Ni siquiera una esclarecedora carta de Matthew sirvió para atemperar la condena de Teresa. El homicida la escribió en la celda en la que cumplía cadena perpetua (ni él ni su cómplice recibieron la pena capital). «En cuanto la conocí vi que no era muy inteligente y que haría lo que yo le dijera. La única razón por la que tuve sexo con ella fue por el dinero, para que se enamorase de mí y me diese la pasta del seguro». Días después de hacerse pública la carta, el ambicioso amante se suicidó en prisión. El peso de la culpa.

Teresa nunca fue violenta. Ni tuvo problemas con la ley. Únicamente tenía antecedentes por falsificar una receta. Otra vez la adicción. Nació 41 años atrás en el seno de una humilde y estricta familia de Danville. Un hogar en el que se respiraba religiosidad. De pequeña era asidua a la iglesia y cantaba en el coro. Aunque siempre mostró una personalidad inestable. Dejó la escuela con 16 años, se casó y tuvo dos niños, Christie y Billy. El matrimonio apenas duró unos años. Entre 1987 y 2000 tuvo medio centenar de empleos. Ese año fue contratada por Dan River Inc. Entre prendas de ropa y telas de hogar conoció a Julian Lewis, su futuro marido. Su futura víctima. En 2002, la muerte de su madre acabó rompiendo definitivamente su mente.

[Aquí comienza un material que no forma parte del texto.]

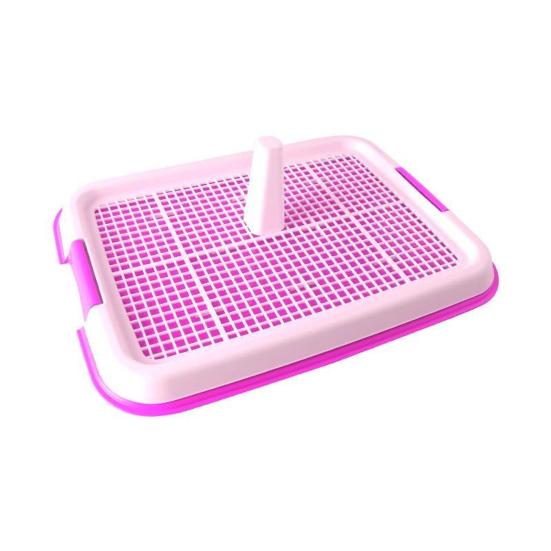 Toilettes d'intérieur pour chien avec clôture surélevée amovible et facile à nettoyer, bac à litière portable pour animaux de compagnie, fournitures pour animaux de compagnie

Llegó tarde. Ya sólo un mensaje póstumo. Pero Teresa Lewis pidió clemencia en las últimas horas desde su celda sin ventanas. «Confío en Dios al 120 por ciento. Esto no se termina hasta que él lo dice. Él tiene la primera y la última palabra. Pero ruego al gobernador Bob McDonnell que reconsidere su decisión».